Even so, the weakness in car sales could weigh on expansion, and further gains in business investment could depend on the extent of policy support such as tax cuts.
“There’s reason to think that some of the things that were weak in the first quarter should reverse in the second quarter, in particular consumption and inventories,” said Michael Feroli, chief US economist at JPMorgan Chase. “Labour income is starting to pick up and actually is keeping consumer spending pretty well supported.”
The data are unlikely to dissuade Federal Reserve policymakers from raising interest rates in the coming months. Economists were largely expecting a weak growth figure, calling it a blip and not a sign of stagnation.
Analysts have also pointed to issues with the Commerce Department’s seasonal adjustment of growth data: Since 2000, expansion in the first quarter of each year has averaged 1%, compared with 2.2% for the rest of each year, according to Wells Fargo Securities.

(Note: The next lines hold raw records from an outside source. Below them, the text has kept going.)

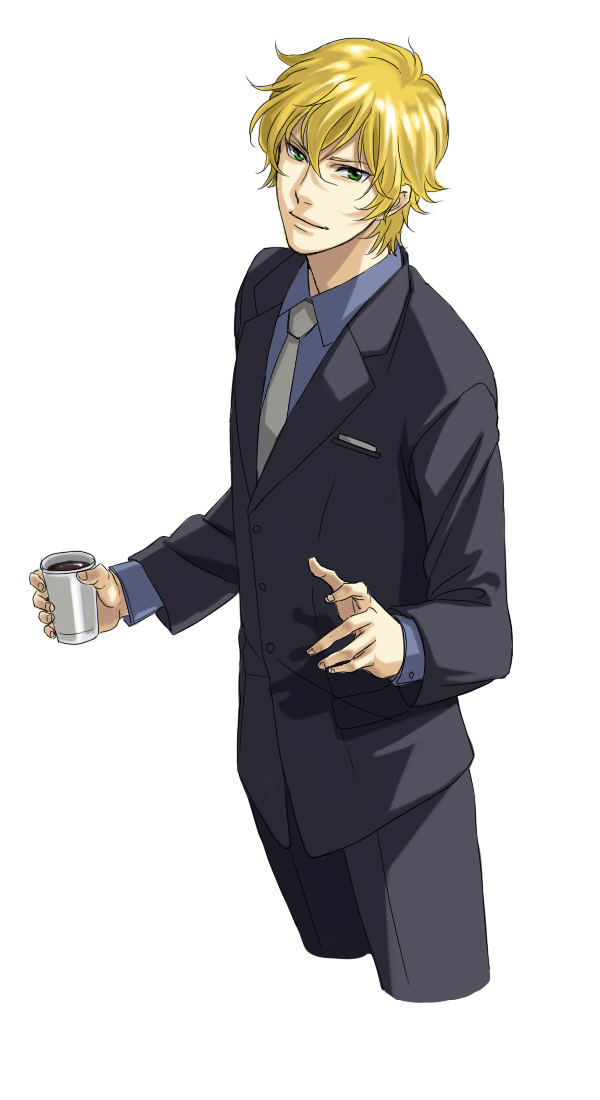 sakatsuki, graham aker, gundam, gundam 00, bad id, bad pixiv id, 00s, 1boy, blonde hair, coffee, cowboy shot, cropped legs, formal clothes, green eyes, male focus, necktie, short hair, solo, suit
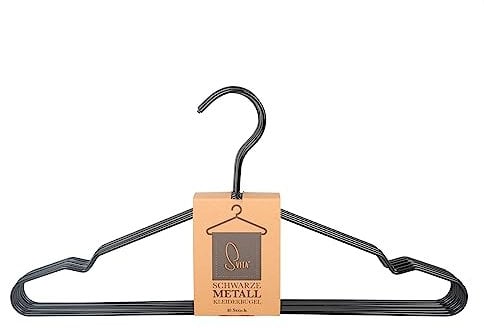 SVITA 10er Set Kleiderbügel mit Hosensteg dünn leicht Metall Schwarz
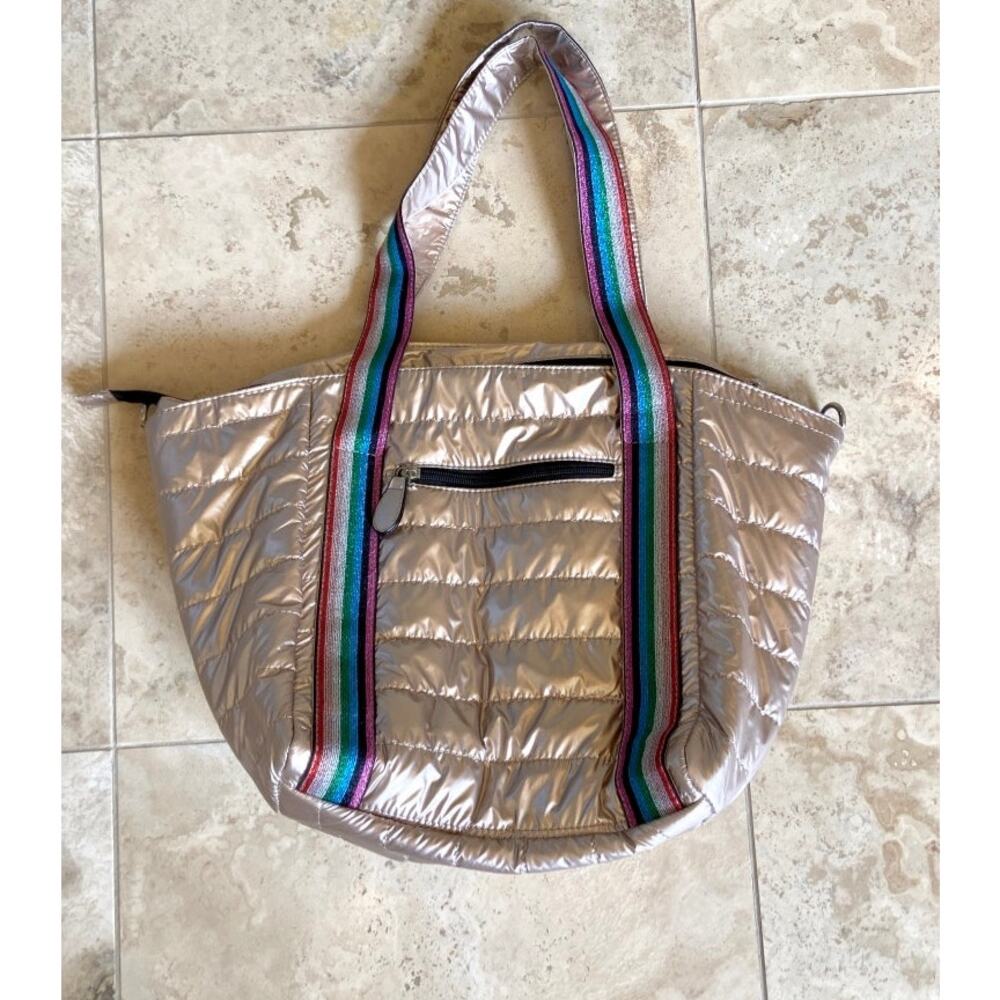 Bari Lynn NWOT rose gold metallic quilted puffer tote bag 21x13x7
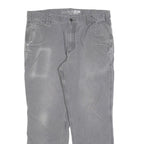 CARHARTT Mens Cotton Blend Grey Relaxed Straight Trousers W36 L27 Workwear Zip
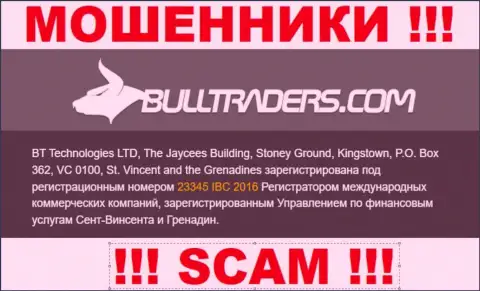 Bulltraders Com это МОШЕННИКИ, номер регистрации (23345 IBC 2016) тому не препятствие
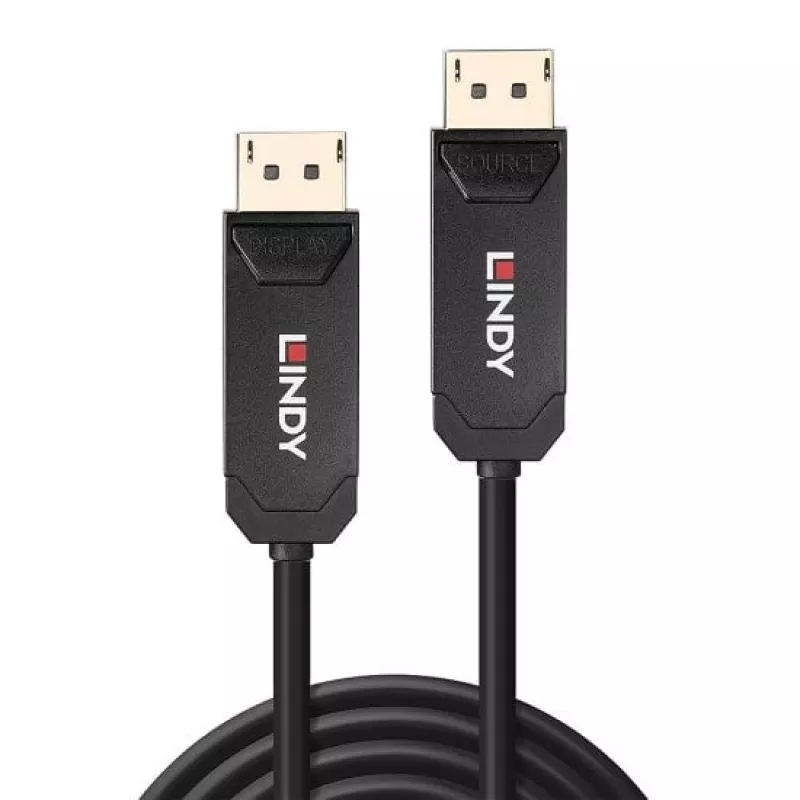 Lindy 30m Fibre Optic Hybrid DP 2.0 UHBR10 Kabelis, 30 m, DisplayPort, DisplayPort, Tēviņš, Tēviņš, 7680 x 4320 pikseļi
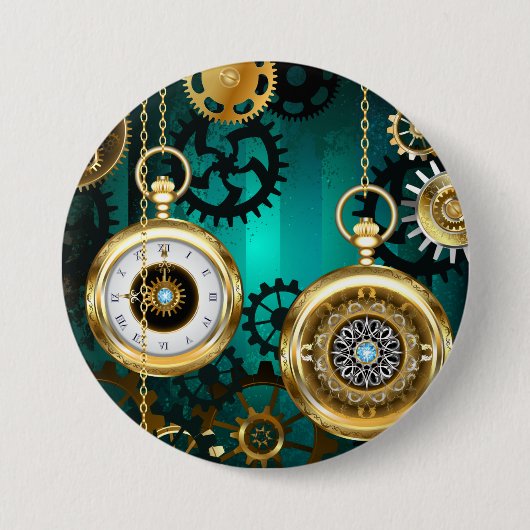 Steampunk-sieraden Horloge op een groene achtergro Ronde Button 7,6 Cm (Voorkant)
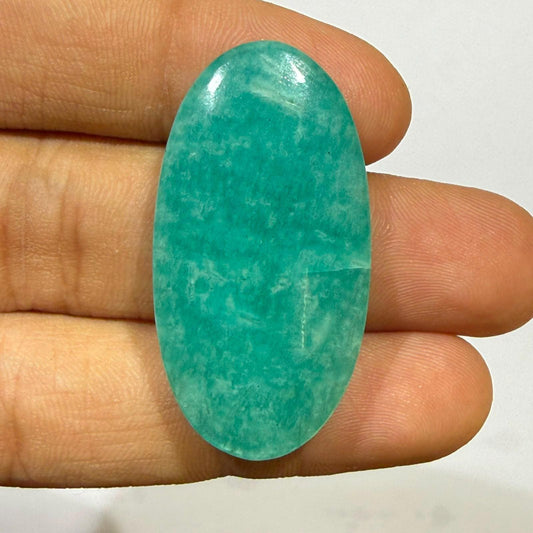 Natural Amazonite Cabochon Gemstone, Oval Amazonite Loose Stone, Blue Green Amazonite Cabochon, Jewelry Making Supply,(37.5x19x6mm 43 cts)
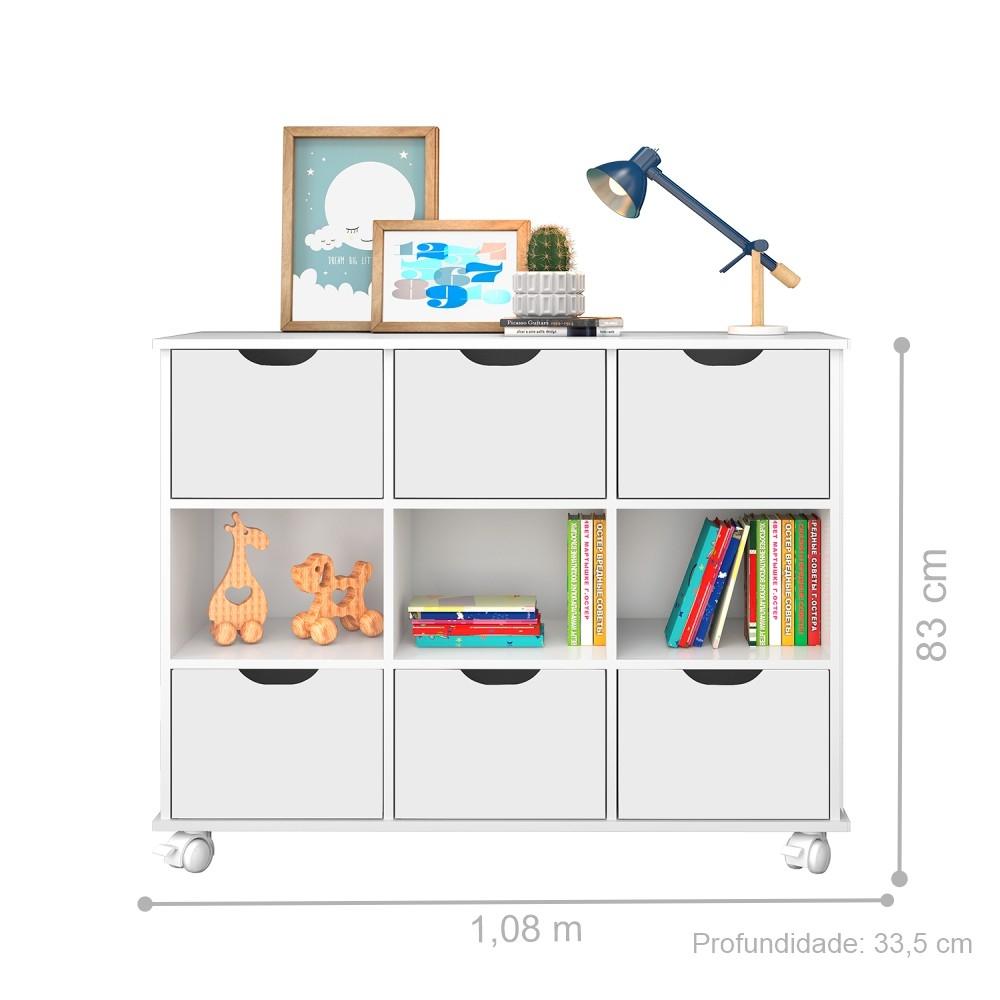 Nicho Organizador com Rodinhas Portland Branco com Gavetas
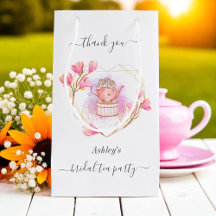 Rosa Geschenktüte für Brautjungfern-Tee-Party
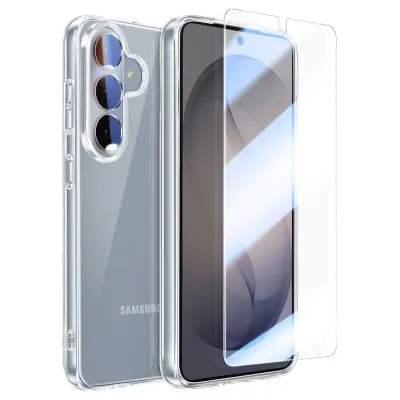 Celovita zaščita za Galaxy S26 Silikonska ovitek za steklo zaslona in kamero, Prozorna
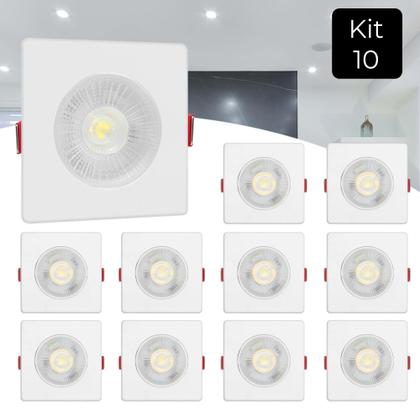 Imagem de Kit 10 Spot Led 7w Dicróica Direcionável Quadrado Frio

Though the first-quarter figure isn’t a verdict on President Donald Trump’s policies, economists are generally sceptical that growth will reach his goal of 3% to 4% on a sustained basis. Analysts’ estimates call for just 2.2% to 2.3% annual growth through 2019, just above the average pace during the almost eight-year expansion.
During the first quarter, a chief driver of growth was private, fixed non-residential investment, which contributed 1.12 percentage points to expansion, led by a record increase in mining exploration, shafts and wells, a category that includes oil structures. Residential investment added 0.5 points to growth.
The change in inventories, one of the most volatile parts of the GDP calculation, subtracted 0.93 points from growth, following a 1.01% gain. Trade added slightly to growth, as exports increased by more than imports during the quarter.
While some of the slowdown may be temporary, inflation is eating into consumers’ wallets. Real disposable personal income rose at a 1% pace in the first quarter of this year, the weakest since the fourth quarter of 2013.
Even though hiring has been humming along and the jobless rate of 4.5% is the lowest in almost a decade, a sustained pickup in wage growth would help boost consumers’ ability to spend.